# [Aim of the task]
Transcribe the entries below exactly, starting with the line that has "African guy wearing" and stopping after the line that has "Personalised baby boy"; no pictures belong in the copy.

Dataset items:
★ ★ ★ ★

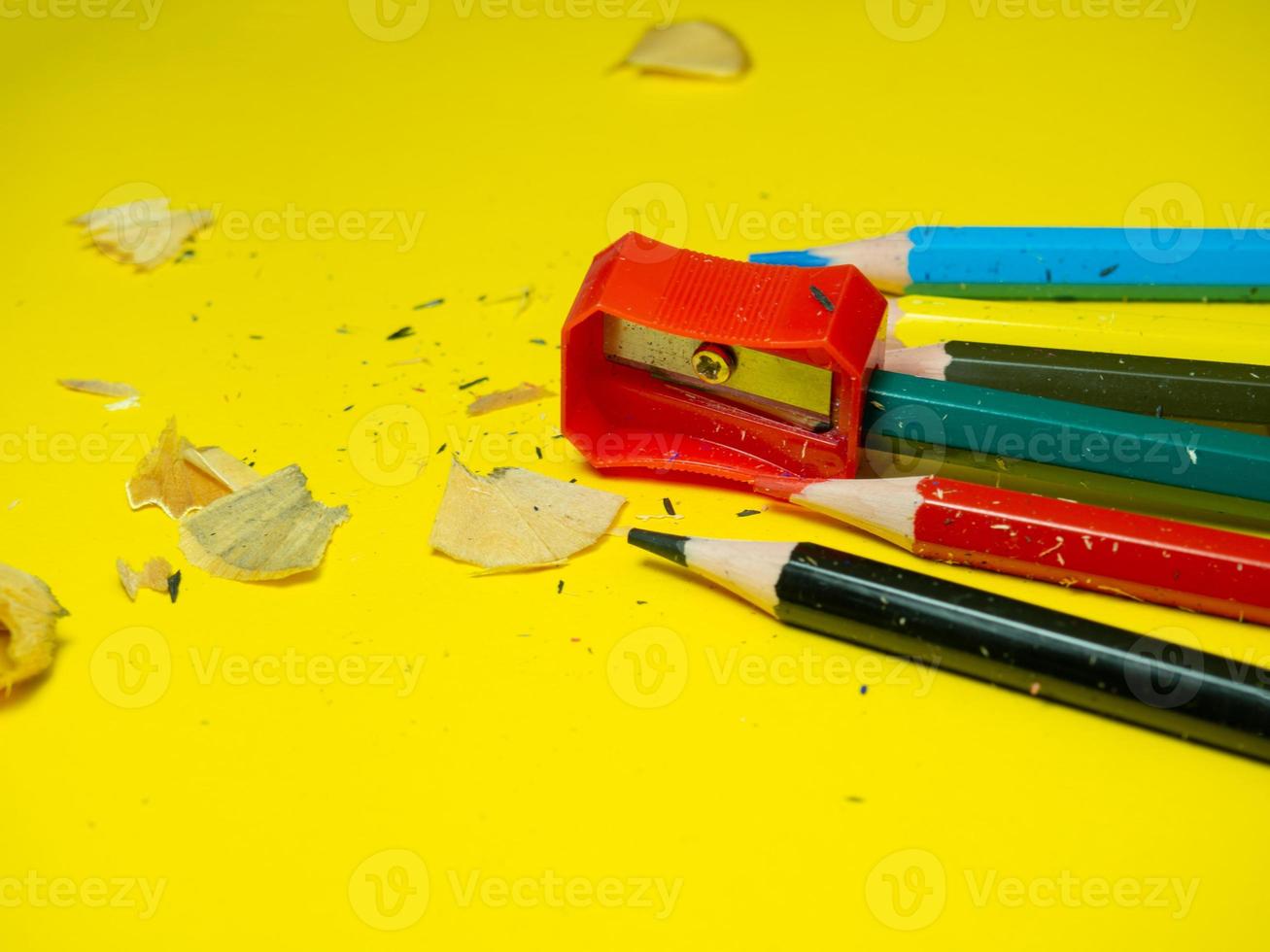 School supplies.  Pencil sharpener . Multicolored pencils. Wood shavings. The process of preparing for work. Creative mess photo
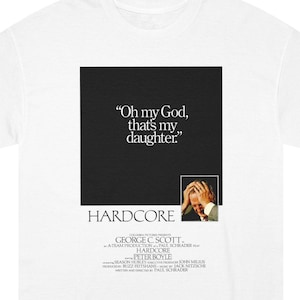 May include: A white t-shirt featuring a black square graphic with the white text "Oh my God, that's my daughter." Below this is a small photo of a person holding their head, the word "HARDCORE," and various film production credits.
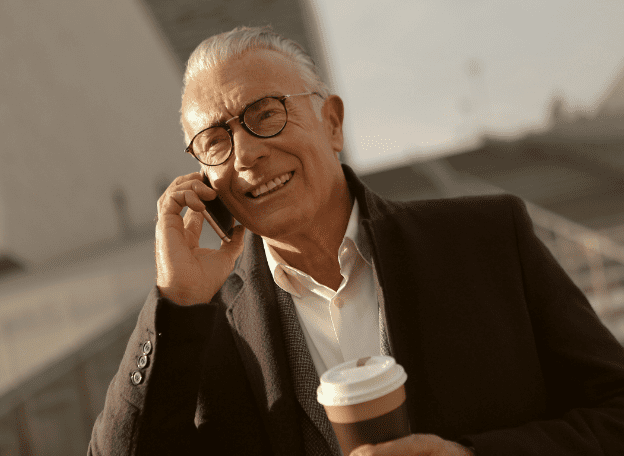 Een glimlachende oudere man met een bril praat buiten op zijn mobiele telefoon terwijl hij een koffiebeker vasthoudt. Hij draagt een nette jas en staat in warm zonlicht, met een onscherpe stedelijke achtergrond.
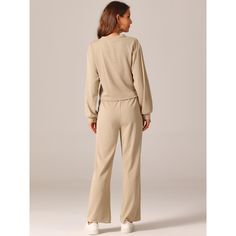 Fashion Style: Long Sleeve Crop Tops/Round Neck/Solid Color/Ribbed Knit/Wide Leg Pant/Tracksuit Lounge Sets. Perfect for both day and evening occasions, these blouses add a touch of elegance and style to any wardrobe. The twist front long sleeve top looks stylish and can be worn separately from the wide leg sweatpants. This lounge tracksuit is ideal for casual street looks, leisure at home, workouts, running, weekends, vacations, and beach outings. Made of 95% Polyester and 5% Spandex, it offers Beige Long Sleeve Set For Fall, Solid Color Matching Set For Fall, Long Sleeve Pant Set In Solid Color, Solid Long Sleeve Pant Set, Solid Color Long Sleeve Matching Pant Set, Long Sleeve Lounging Sets For Fall, Solid Crew Neck Sets For Loungewear, Relaxed Fit Lounge Pant Set, Solid Color Relaxed Fit Pant Set For Loungewear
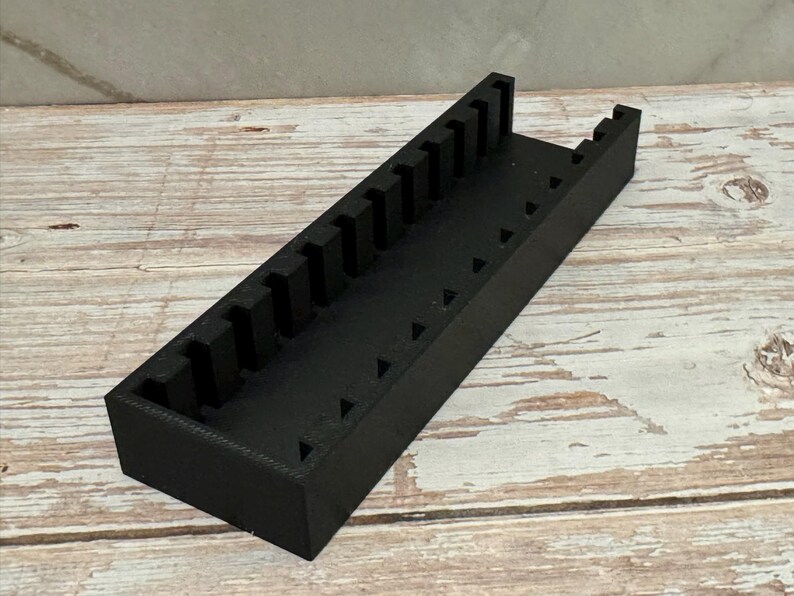 Puede incluir: Un organizador de herramientas rectangular negro con m&uacute;ltiples ranuras verticales y recortes triangulares. El organizador est&aacute; hecho de un material s&oacute;lido y se encuentra sobre una superficie de madera. El dise&ntilde;o sugiere que es para guardar herramientas o objetos peque&ntilde;os.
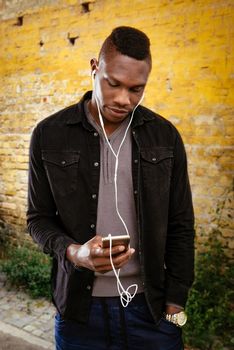 African guy wearing headphones and listening to music.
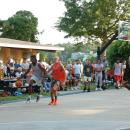 All Season Services, in gray, beat Yell4Fun, in orange, at the Embargo Summer League's championship game Sunday, Aug. 9. Photos by Grace Roche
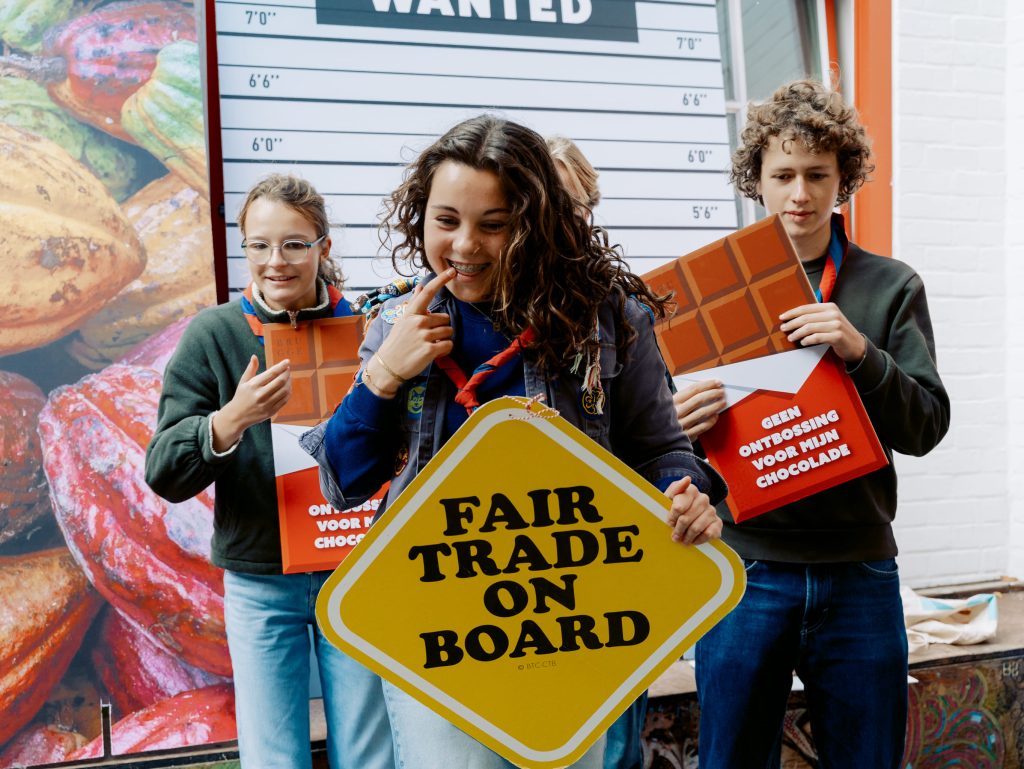 youngsters holding a fairtrade board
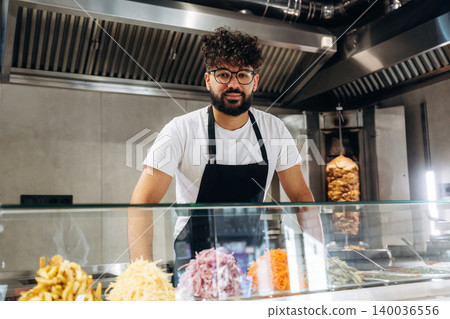Male chef with curly hair wearing glasses and black apron stands behind a glass counter displaying various fresh ingredients in a modern fast food restaurant 140036556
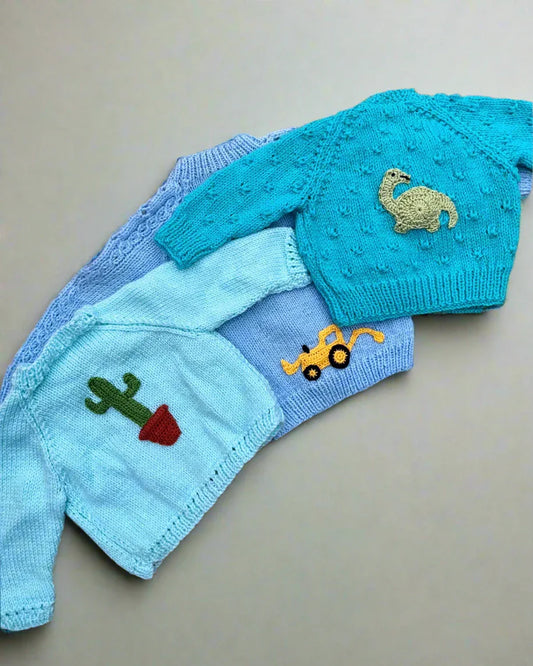 Personalised baby boy cardigan by Little Flower Knits with knitted animal and plant appliques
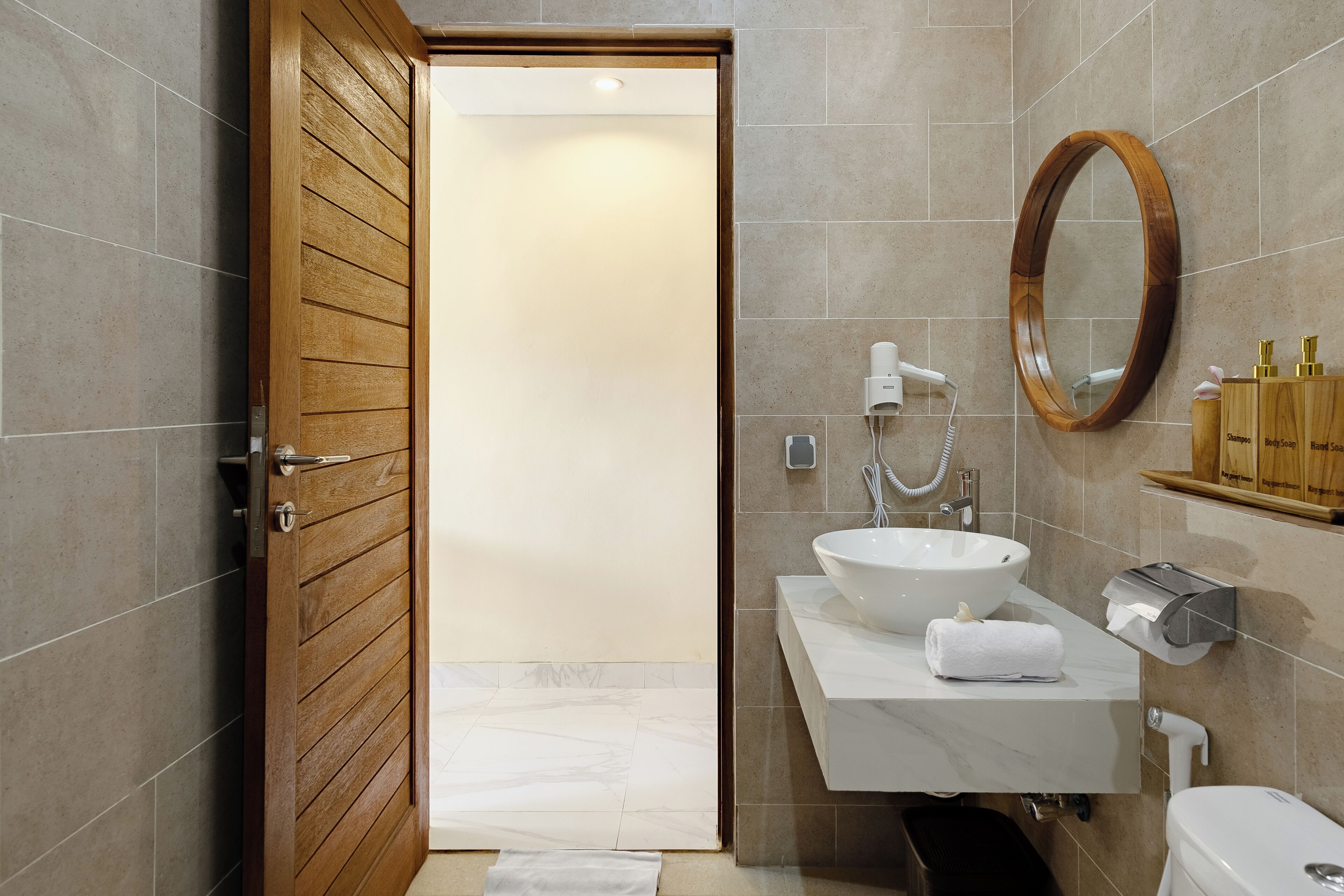 Une salle de bain moderne avec une porte en bois, un lavabo blanc, un miroir et des articles de toilette rangés sur une étagère.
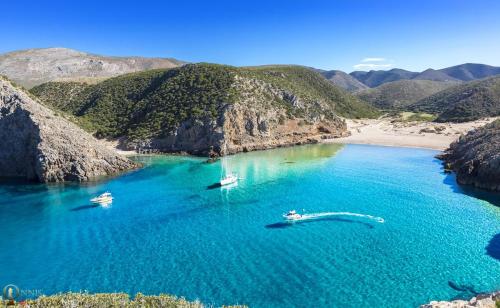 dos barcos en un cuerpo de agua al lado de una playa en Casa vacanze Ginevra Sardegna, en Fluminimaggiore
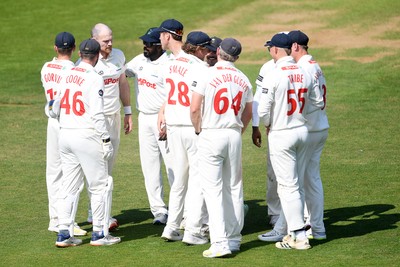 180525 - Glamorgan v Northamptonshire - Rothesay County Championship - James Harris of Glamorgan celebrates with team mates after he bowls the ball to dismiss Saif Zaib of Northamptonshire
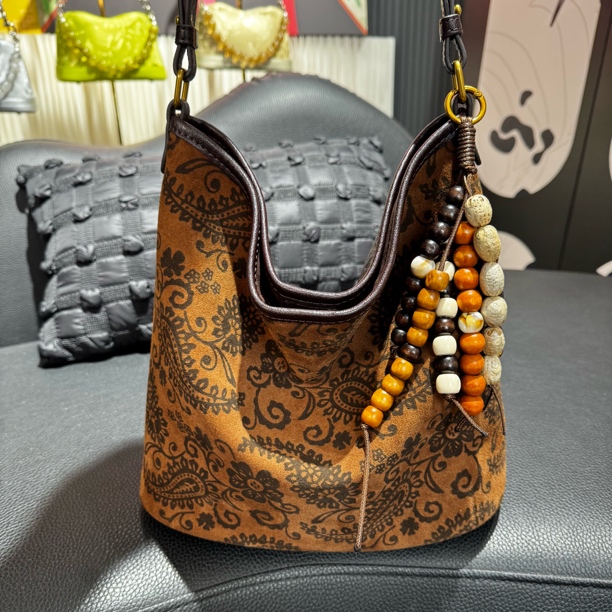 水桶包｜2025年秋冬琥珀流光风斜跨包复古棕色单肩包新中式牛皮包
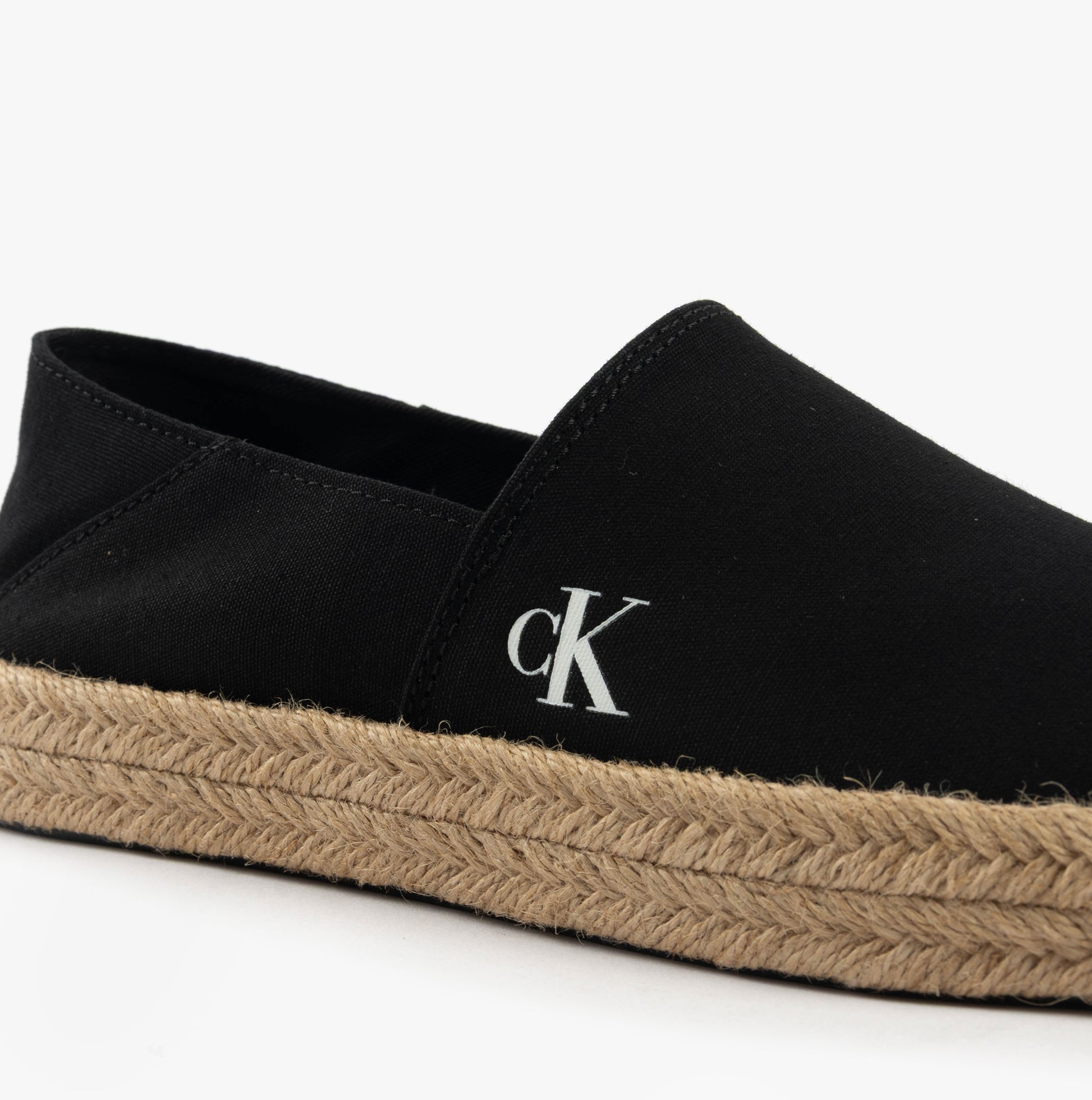 Calvin Klein ESPADRILLE Mens Canvas Shoes Ck Black side view showcasing a slip-on design and rope sole detail.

★ ★ ★ ★

# [Completed exercise]
 African guy wearing headphones and listening to music.
 All Season Services, in gray, beat Yell4Fun, in orange, at the Embargo Summer League's championship game Sunday, Aug. 9. Photos by Grace Roche
 youngsters holding a fairtrade board
Male chef with curly hair wearing glasses and black apron stands behind a glass counter displaying various fresh ingredients in a modern fast food restaurant 140036556
 Personalised baby boy cardigan by Little Flower Knits with knitted animal and plant appliques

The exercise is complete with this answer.